On a more optimistic note: the beginnings of an effective post-neoconservative Right may be taking shape in the form of the Trump movement. At least some of the neoconservative camp has split off from the center to join with the Old Right, younger West Coast Straussians, paleolibertarians and the Altright to support Trump’s candidacy. This is the most promising attempt to create a post-neoconservative Right that I have seen since being exiled from the conservative movement eons ago. I’ve no idea whether the center will hold in what is still a loose, ad hoc alliance. But I welcome its emergence in the last few months. Often in politics, it’s the enemy that unites, and in this case those whom circumstances have brought together, have chosen their adversaries well. They are facing with very limited resources, the ultimate traitors to the Right and to an America that should be spared Hillary’s picks for federal judgeships and her refusal to fight specifically Muslim terrorists.
Therefore, from that paragraph, we understand that President Donald Trump’s candidacy coalesced this group of Millennials who bring a different perspective. In Britain, Millennials who supported Brexit comprise this group.
There is another characteristic of this independent group of commentators: their willingness to speak out and use the Left’s own tactics on them, as a Return of Kings post advises:
… the long and short of it is this: embracing and amplifying leftist absurdities are an excellent tactic to counter progressives and SJWs, and three of the ways to embrace and amplify are through increasing the frequency of the embraced absurdity, shifting it slightly to something the leftist finds unacceptable, and/or reversing it on the leftist.

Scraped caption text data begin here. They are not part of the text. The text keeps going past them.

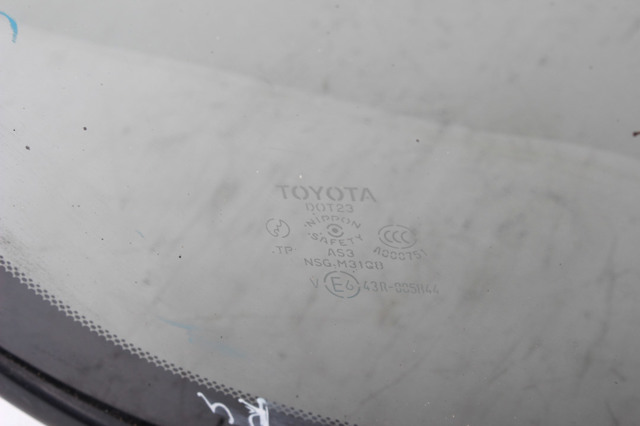 627100R010 TOYOTA Стекло кузова (багажного отсека) правое купить в Украина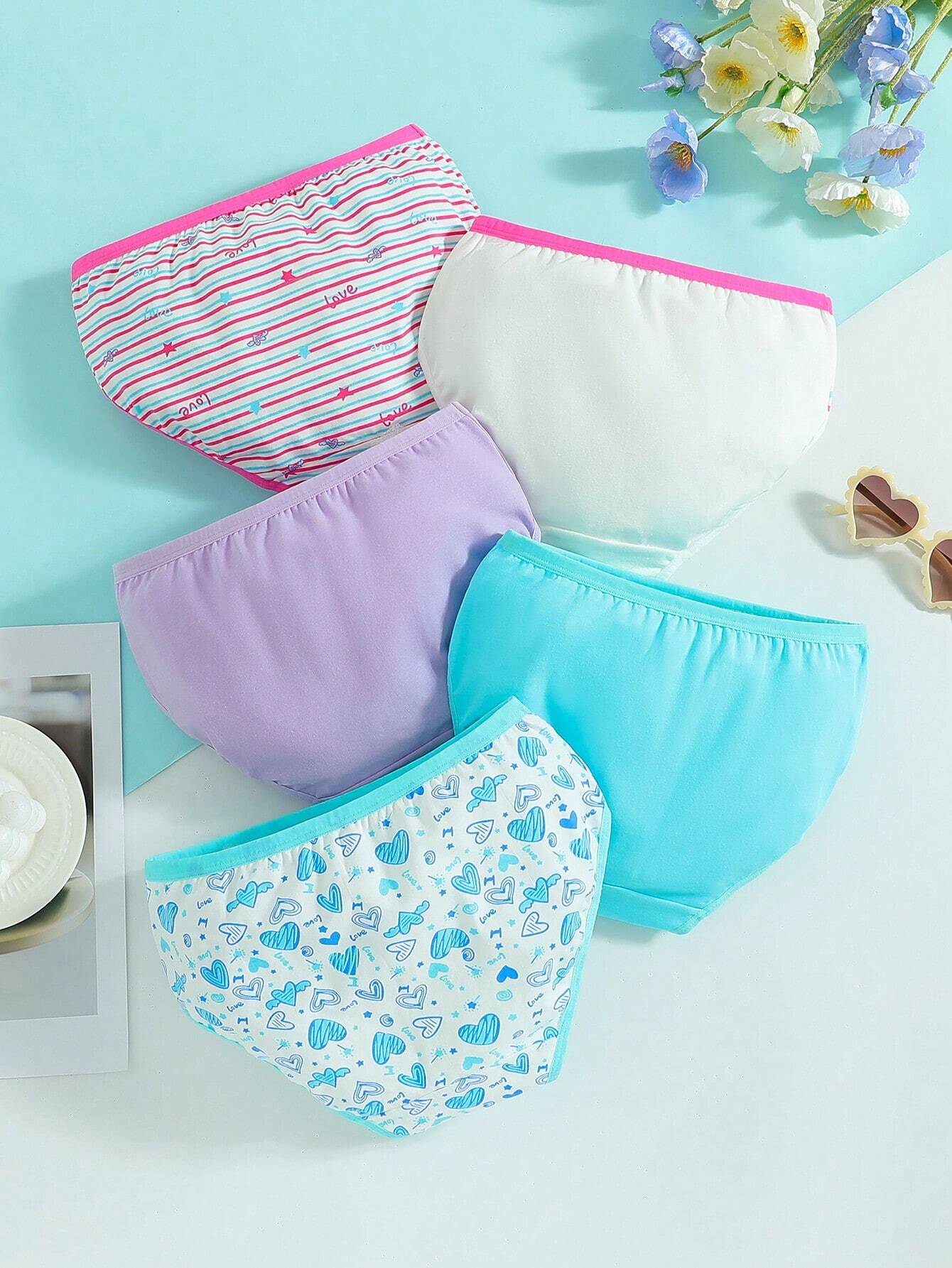 Tween Girl 5pcs Striped & Heart Print Contrast Binding Brief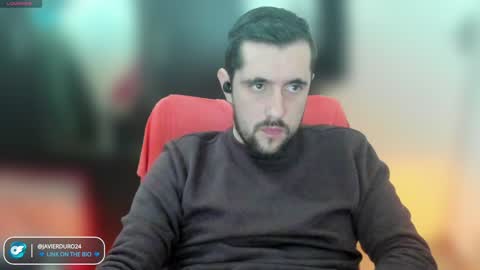 javierduro24 online show from January 1, 4:18 pm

Now, will this tactic work on the leftists themselves? Likely not, for their worldview can only survive on incoherence and absurdity, and so they are used to it—although, in fairness, you may convince the odd leftist to change his mind. However, convincing leftists and progressives is not the point. Rather, the point is to rhetorically neuter the leftists while at the same time helping to sway the fence-sitters to be against the leftists, not for them.
And for the purposes of achieving that particular objective, embracing then amplifying leftist absurdities is a good tactic to use.
Vox Day, a Christian blogger and author writes about the effect of Gamergate (2014-2015), which showed the young Left at their worst in revealing their opponents’ identities, harassing them and sending them death threats:
One of the fascinating things about the last few years is the transition of many apolitical Game writers and sites to politically conscious Alt-Right and Alt-Lite perspectives. This is significant, because all of the writers involved are entirely accustomed to being mobbed and assailed by the mainstream media, so they’re not inclined to cuck and run like most conservatives are when faced with criticism.
That is the principal characteristic of this group, never seen before in such numbers until 2016. They understand how the game is played and they engage time and time again.
These people are not white supremacists or white nationalists. On the contrary, they welcome everyone to participate in dialogue promoting and defending traditional values of informed patriotism, family life and personal integrity.
They will not cave and, as this revolution of words unfolds, they will remain in the front line.